“When the Mind Turns Against Itself”
- Father Charbel Abernethy
- Nov 23, 2025
- 4 min read
A Personal Cry from the Inner Chaos

There are moments when I feel as though I am walking through the ruins of my own mind. Not the moral ruins alone but the psychic ruins, the places where thought unravels, where the ground beneath the soul feels like shifting ash. I see the world in chaos and I name it desolation, but the truth is more unbearable: the chaos outside is only a pale reflection of the chaos within.
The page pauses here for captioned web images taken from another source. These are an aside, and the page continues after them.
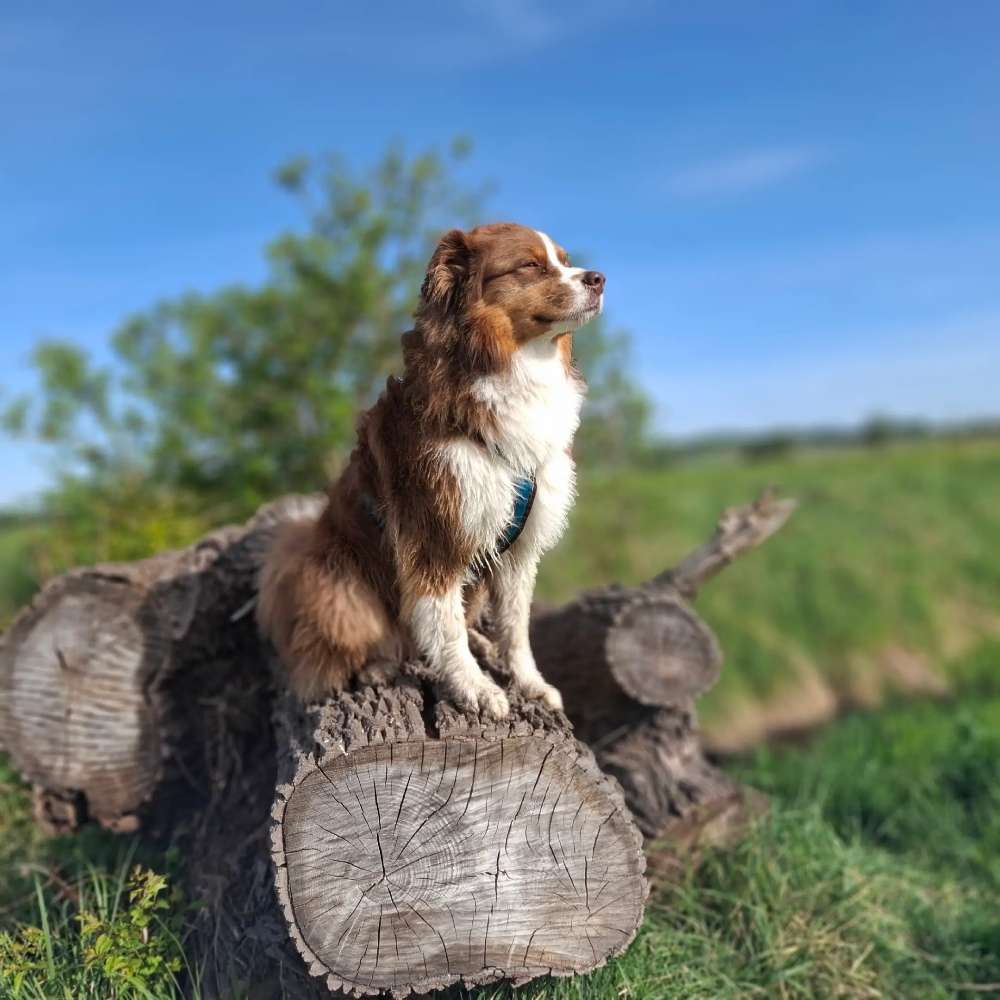 Hundetreffen-Treffen rund um Schwedt-Profilbild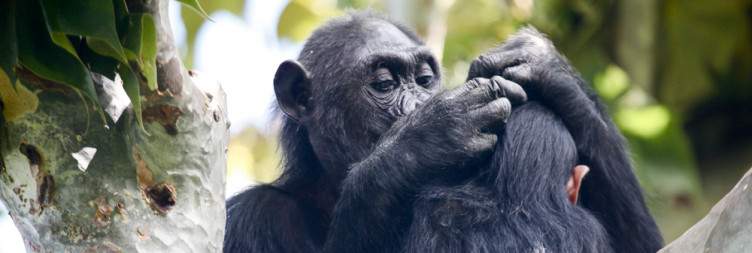 Immersive Chimpanzee Tracking & Forest Exploration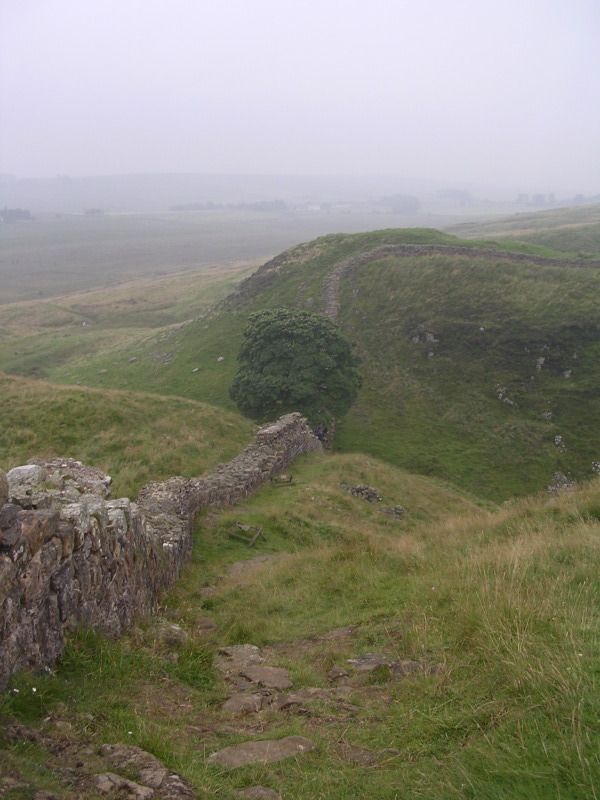 DSCN4473.jpg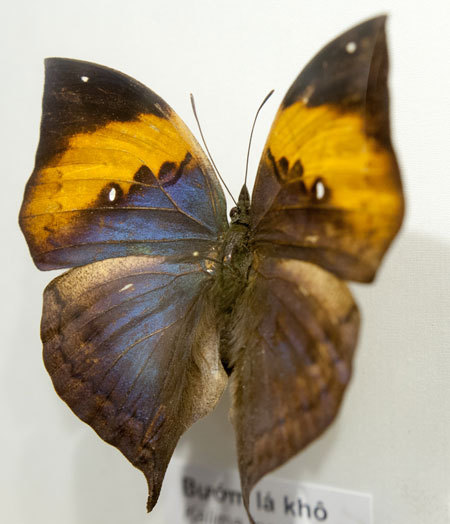 Admire the beautiful, exotic butterflies in Vietnam images 3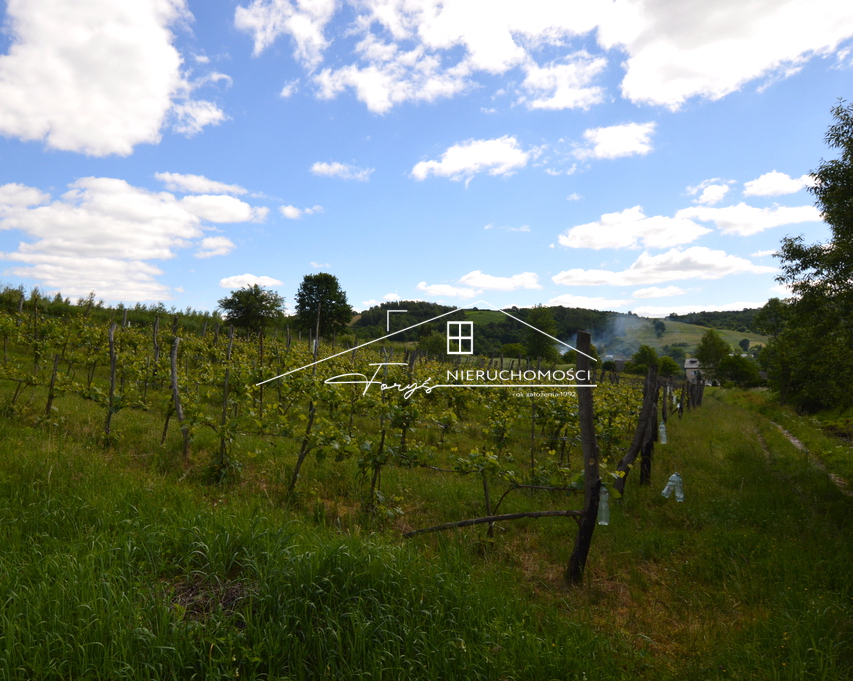 Przejmij markę z ugruntowaną pozycją na lokalnym rynku wina.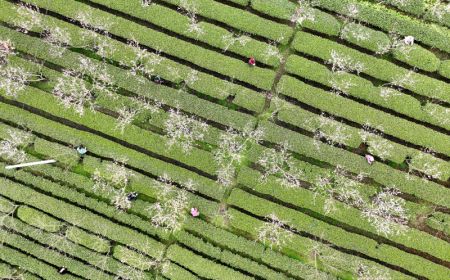 (miniature) Photo aérienne d'agriculteurs cueillant des feuilles de thé dans le village de Zhaitang du district autonome Dong de Sanjiang
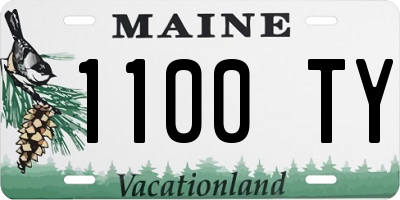 ME license plate 1100TY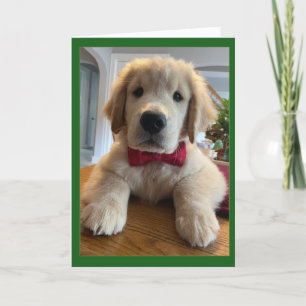 Tarjeta De Agradecimiento Archie Navidades Bowtie
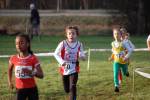 Someren110109050224_small.jpg (3932 Byte)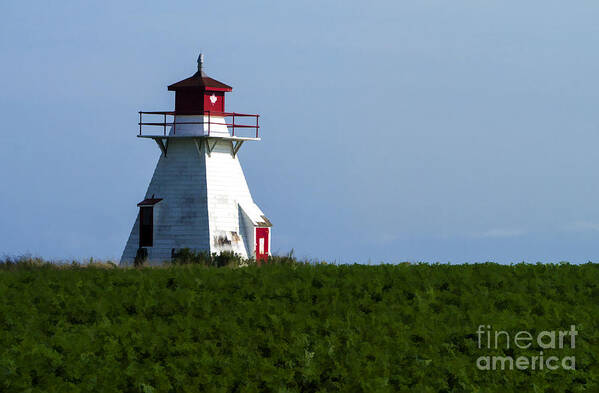 Lighthouse Poster featuring the photograph Lighthouse Prince Edward Island by Edward Fielding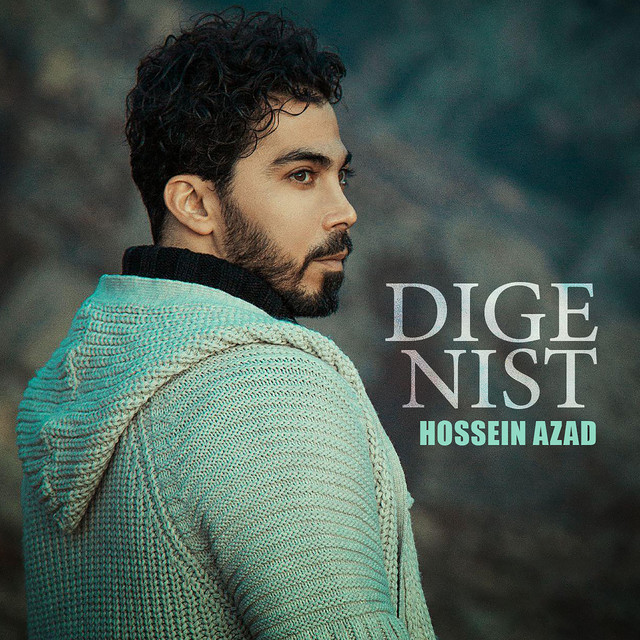 Dige Nist cover art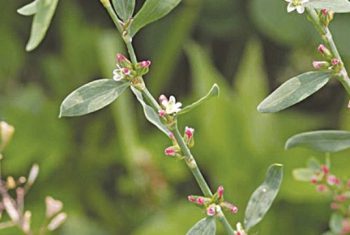 Rau đắng – Vị thuốc phòng và trị nhiều bệnh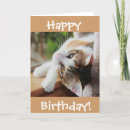 Search for cat cards Sweet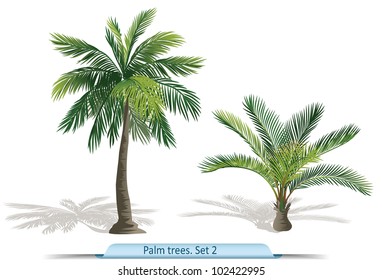 Vector set of palm trees. Part 2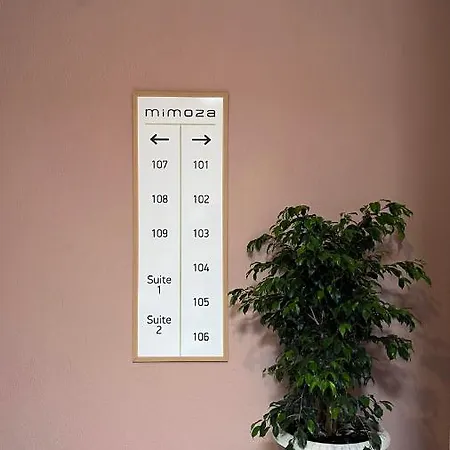 Mimoza אולודניץ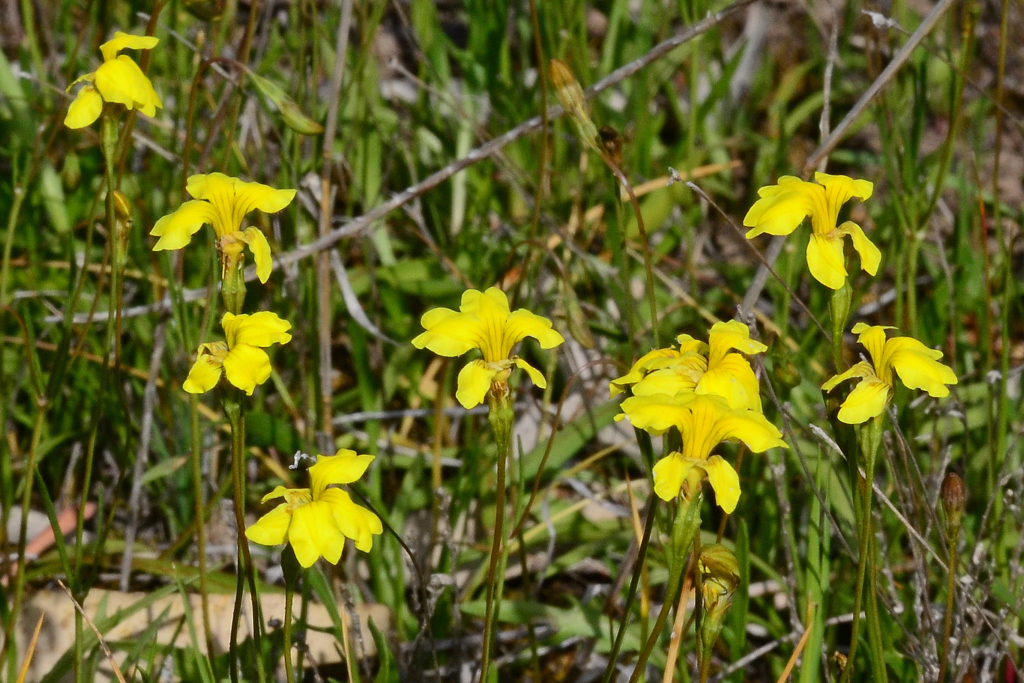 Goodenia pinnatifida (hero image)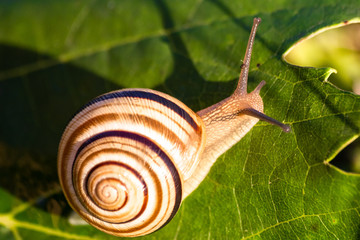 Snail in shell crawling on a vine leaf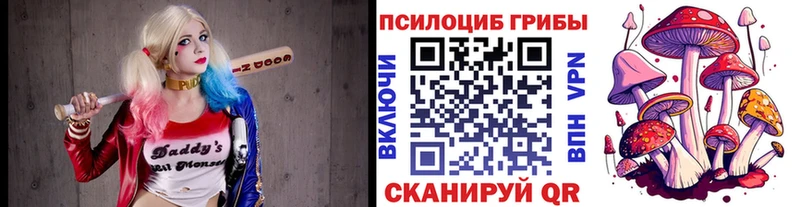 Псилоцибиновые грибы Cubensis Братск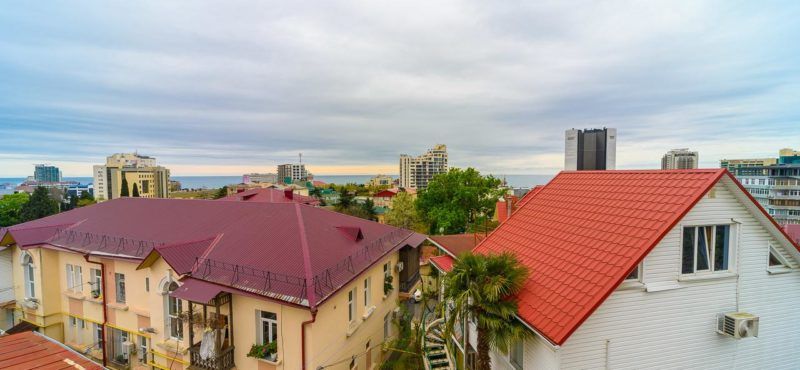 Филин, Краснодарский край: фото 4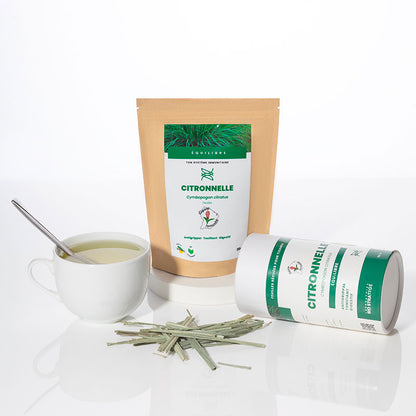 Tisane de Citronnelle
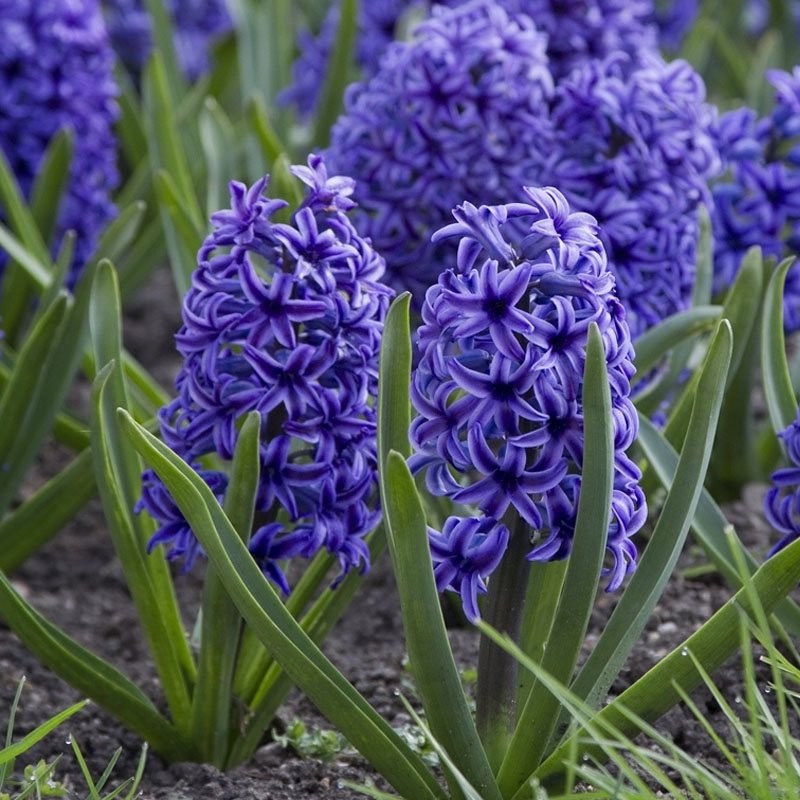 Zumbul plavi Hyacinthus Blue Jacket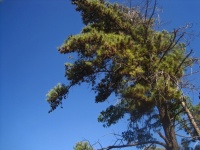 Pine Tree Against Blue Sky Leaning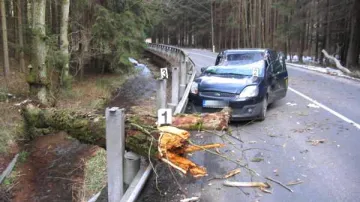 Spadlý strom poškodil projíždějící auto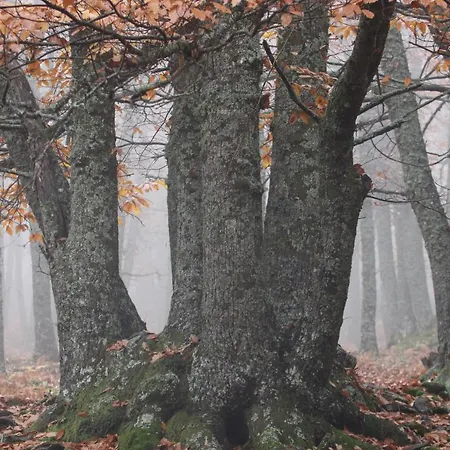 El Lago, Caceres بيت شباب *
I watch people rushing about, building, destroying, consuming, raging. It looks like madness seen from the outside, but I know that same madness lives in me. I see it in the frantic pace of my own thoughts, the way I cling to illusions, the way I try to control everything because I am terrified that if I let go, I will fall into an abyss with no bottom.
There are nights when silence does not feel holy but hostile.
It presses in like a shadow that knows my name.
I enter it hoping to pray
and suddenly the mind becomes a cage of screaming voices.
A thousand thoughts competing
accusing
mocking
insisting on their own reality.
It is not simply distraction.
It is something darker, something more primal.
The Fathers would call it the passions.
Sigmund Freud would call it the death drive.
Scripture calls it Sheol.
Whatever name I give it, it feels like something in me wants to destroy itself.
This is the hell I carry.
Not fire.
Not demons in the abstract.
But the psychosis of a mind that can no longer bear the truth of itself.
St. Ephraim knew this terror.
His Psalter reads like the diary of a man who sees his inner world collapsing and fears that even God might recoil from such a sight.
“My thoughts have become a grave,” he says.
“A tomb in which I myself lie dead.”
Jeremiah knew it too.
“My soul remembers and sinks down within me…
I have forgotten what happiness is.”
He wrote as one who felt God slipping away, not because God moved, but because despair had darkened his vision.
And so I say it too, with trembling:
Lord, I am afraid of my own mind.
Afraid of the fractures.
Afraid of the voices.
Afraid of the specter of myself that wanders through the day like a ghost trying to remember who he used to be.
The Tower of Babel is not a myth to me.
It is the story of my interior life.
The ego climbs higher
and higher
and higher
past the limits of sanity
until the whole structure collapses under its own weight
leaving confusion not between nations
but within my own thoughts.
My inner speech breaks.
My desires contradict one another.
My fears devour my hopes.
My mind becomes a battlefield without sides
a war in which I am both aggressor and victim.
This is the death drive.
This is the self-annihilation that hides inside every attempt at control.
And here is the question that terrifies me:
How deep does Your love enter into this madness?
How far does Your hand reach when the one drowning is not only afraid
but actively pulling away?
How long do You stretch Your arm toward a soul
that curses You as You approach
because it cannot distinguish Your love from a threat?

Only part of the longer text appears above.